In 1967, Walter Koeing was brought on board the Starship Enterprise to play Russian crew member Pavel Chekov while Takei took a break from filming to star in the John Wayne film The Green Beret. Takei couldn’t return to set to film the start of Season 2 on time, so Koeing was given most of Takei’s lines.
Takei thought Koeing stole his lines
When Takei returned to set, he immediately resented Koeing by believing he had completely stolen his role in his absence (according to Mother Jones). Eventually, the animosity wore off between the two actors when they were forced to share a dressing room together.

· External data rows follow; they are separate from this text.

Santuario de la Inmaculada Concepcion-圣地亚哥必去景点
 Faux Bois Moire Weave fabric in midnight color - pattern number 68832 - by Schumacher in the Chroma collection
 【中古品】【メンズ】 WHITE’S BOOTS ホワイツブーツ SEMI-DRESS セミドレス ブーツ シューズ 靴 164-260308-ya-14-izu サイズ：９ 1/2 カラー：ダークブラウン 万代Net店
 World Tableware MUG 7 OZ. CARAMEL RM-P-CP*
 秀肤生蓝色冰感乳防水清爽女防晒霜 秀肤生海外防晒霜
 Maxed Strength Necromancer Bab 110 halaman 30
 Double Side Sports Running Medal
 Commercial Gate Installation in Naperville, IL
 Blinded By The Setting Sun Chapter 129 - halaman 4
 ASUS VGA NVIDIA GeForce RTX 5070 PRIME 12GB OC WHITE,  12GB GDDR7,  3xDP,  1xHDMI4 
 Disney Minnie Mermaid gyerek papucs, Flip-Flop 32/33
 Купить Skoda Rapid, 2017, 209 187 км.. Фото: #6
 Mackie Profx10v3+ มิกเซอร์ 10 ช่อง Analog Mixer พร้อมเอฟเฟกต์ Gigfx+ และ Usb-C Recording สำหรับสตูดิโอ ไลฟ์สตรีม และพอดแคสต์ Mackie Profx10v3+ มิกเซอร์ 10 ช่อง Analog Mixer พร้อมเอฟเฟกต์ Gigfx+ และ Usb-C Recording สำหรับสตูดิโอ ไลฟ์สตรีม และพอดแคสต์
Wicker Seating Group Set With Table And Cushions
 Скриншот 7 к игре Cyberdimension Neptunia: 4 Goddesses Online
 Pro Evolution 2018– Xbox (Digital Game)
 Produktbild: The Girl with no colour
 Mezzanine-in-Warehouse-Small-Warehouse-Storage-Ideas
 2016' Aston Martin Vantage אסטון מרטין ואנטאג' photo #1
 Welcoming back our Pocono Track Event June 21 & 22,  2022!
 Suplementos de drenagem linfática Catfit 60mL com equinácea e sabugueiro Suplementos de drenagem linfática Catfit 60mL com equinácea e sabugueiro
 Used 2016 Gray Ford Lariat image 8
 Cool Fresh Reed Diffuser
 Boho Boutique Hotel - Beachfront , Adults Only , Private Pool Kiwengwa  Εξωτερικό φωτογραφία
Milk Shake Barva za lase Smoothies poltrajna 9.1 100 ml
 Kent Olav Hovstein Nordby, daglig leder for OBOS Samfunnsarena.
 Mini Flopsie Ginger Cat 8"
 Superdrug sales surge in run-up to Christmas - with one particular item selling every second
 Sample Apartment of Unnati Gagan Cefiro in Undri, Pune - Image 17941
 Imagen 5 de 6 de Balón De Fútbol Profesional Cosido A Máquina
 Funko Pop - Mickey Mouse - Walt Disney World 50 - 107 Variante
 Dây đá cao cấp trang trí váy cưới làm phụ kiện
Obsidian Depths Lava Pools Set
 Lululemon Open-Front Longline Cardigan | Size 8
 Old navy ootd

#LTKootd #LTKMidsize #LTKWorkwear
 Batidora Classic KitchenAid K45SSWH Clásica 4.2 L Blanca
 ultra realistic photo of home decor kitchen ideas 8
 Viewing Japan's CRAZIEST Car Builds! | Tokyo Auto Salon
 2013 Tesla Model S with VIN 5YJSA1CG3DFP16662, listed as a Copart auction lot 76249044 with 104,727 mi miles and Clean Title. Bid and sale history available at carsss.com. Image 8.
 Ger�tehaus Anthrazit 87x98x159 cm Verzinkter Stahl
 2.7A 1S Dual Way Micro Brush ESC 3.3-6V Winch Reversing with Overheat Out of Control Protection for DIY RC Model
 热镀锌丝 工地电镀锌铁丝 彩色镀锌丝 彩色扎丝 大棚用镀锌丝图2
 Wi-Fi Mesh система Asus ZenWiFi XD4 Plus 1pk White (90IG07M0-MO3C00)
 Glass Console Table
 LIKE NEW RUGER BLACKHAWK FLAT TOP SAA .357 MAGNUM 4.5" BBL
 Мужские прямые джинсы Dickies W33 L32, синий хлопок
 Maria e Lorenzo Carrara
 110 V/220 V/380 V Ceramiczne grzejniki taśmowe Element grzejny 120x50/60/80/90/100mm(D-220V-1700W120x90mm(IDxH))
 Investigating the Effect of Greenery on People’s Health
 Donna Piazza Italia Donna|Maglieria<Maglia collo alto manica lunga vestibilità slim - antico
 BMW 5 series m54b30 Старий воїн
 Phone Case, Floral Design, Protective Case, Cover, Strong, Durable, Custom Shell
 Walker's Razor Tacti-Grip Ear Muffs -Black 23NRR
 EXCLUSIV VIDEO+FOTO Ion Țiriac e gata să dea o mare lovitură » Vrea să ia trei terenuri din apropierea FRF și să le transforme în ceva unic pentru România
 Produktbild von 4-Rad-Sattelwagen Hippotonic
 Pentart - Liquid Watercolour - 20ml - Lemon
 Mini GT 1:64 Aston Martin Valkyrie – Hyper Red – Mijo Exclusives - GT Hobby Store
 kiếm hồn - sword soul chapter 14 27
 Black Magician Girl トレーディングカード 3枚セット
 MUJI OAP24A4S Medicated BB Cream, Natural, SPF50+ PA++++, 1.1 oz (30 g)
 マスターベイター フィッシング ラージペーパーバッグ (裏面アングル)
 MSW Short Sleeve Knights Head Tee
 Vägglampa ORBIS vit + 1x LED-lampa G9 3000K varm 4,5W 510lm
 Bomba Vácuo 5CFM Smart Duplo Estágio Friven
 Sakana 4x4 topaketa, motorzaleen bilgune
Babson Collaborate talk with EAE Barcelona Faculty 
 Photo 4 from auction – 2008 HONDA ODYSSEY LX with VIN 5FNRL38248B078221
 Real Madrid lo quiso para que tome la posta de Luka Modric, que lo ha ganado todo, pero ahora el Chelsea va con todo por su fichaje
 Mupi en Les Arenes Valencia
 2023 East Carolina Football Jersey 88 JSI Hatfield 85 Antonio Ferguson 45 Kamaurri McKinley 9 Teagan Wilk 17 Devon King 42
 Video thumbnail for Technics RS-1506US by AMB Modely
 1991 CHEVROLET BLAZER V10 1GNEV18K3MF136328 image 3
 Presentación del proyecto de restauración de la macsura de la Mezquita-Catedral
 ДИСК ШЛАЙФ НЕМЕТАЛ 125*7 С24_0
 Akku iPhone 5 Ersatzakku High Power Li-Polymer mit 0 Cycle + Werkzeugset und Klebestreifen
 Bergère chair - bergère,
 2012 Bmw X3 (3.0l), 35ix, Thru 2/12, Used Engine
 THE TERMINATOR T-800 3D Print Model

They soon got over their misunderstanding and even grew to be good friends.
Takei recalled one instance where Koeing pointed out a group of attractive extras on set. Even though Takei didn’t come out as gay until 2005 Koeing and other cast members knew about his sexuality. At that moment, Takei felt supported and seen by his co-star and friend.
In fact, the two grew to like each other so much that Koeing was Takei’s best man at his wedding in 2008!